What you will do
Go through the listing below and retype exactly the lines starting at the one with "Brynäs Simon Bertilsson" and ending at the one with "Amie & Fannas Striptrip still 1", skipping pictures.

Record excerpts
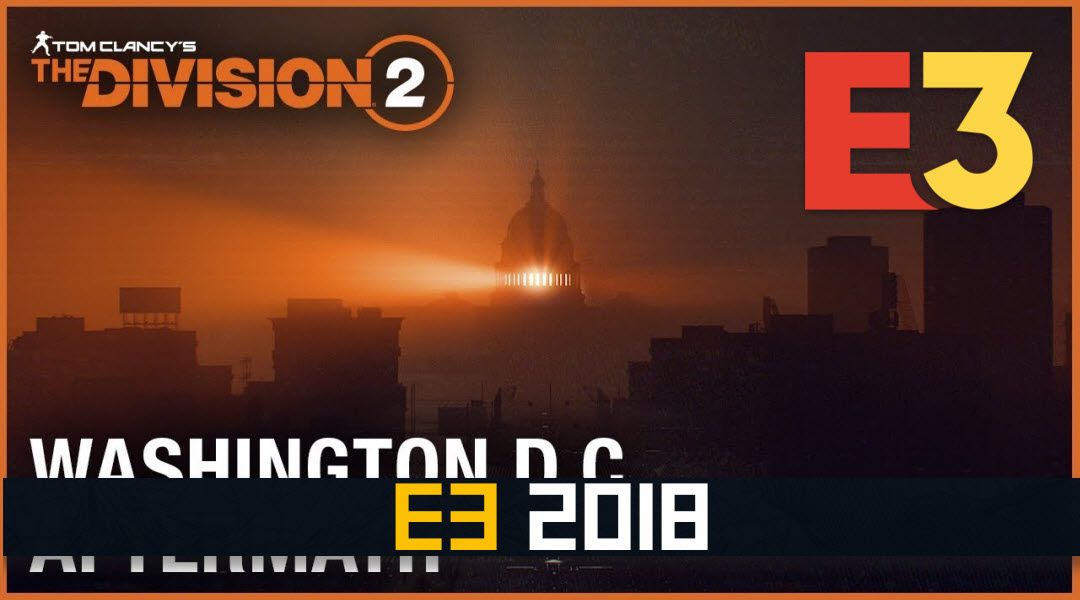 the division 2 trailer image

---

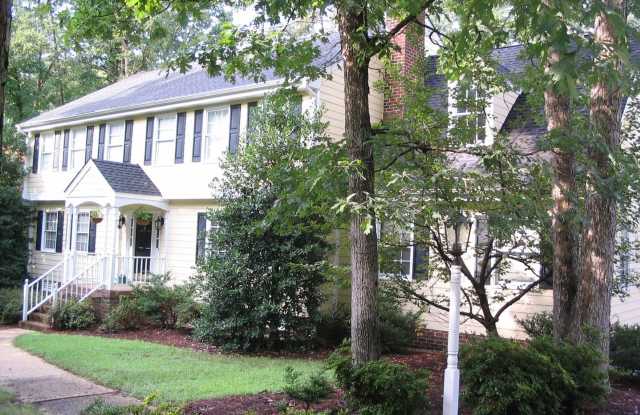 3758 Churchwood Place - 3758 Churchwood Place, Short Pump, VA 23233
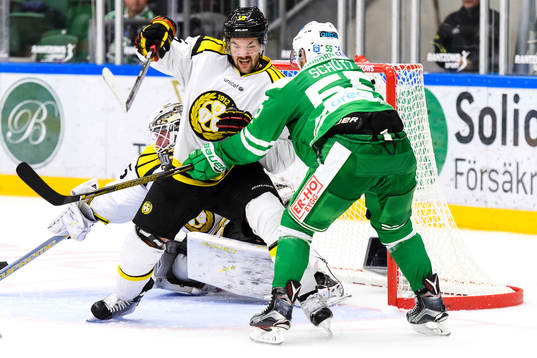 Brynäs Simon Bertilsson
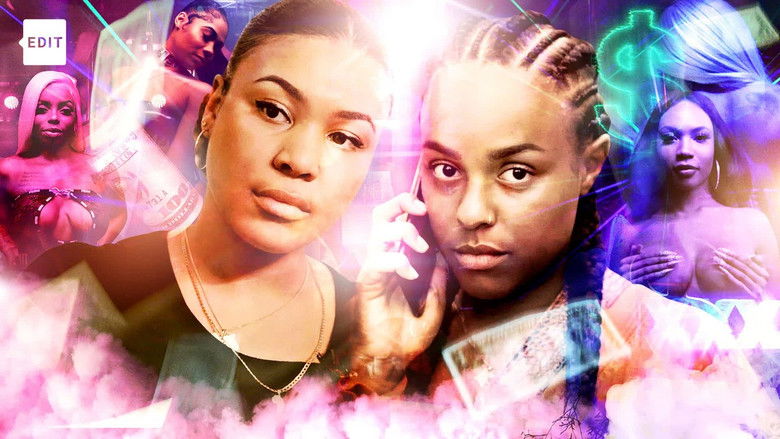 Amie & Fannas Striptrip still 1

Answer to this task
 Brynäs Simon Bertilsson
 Amie & Fannas Striptrip still 1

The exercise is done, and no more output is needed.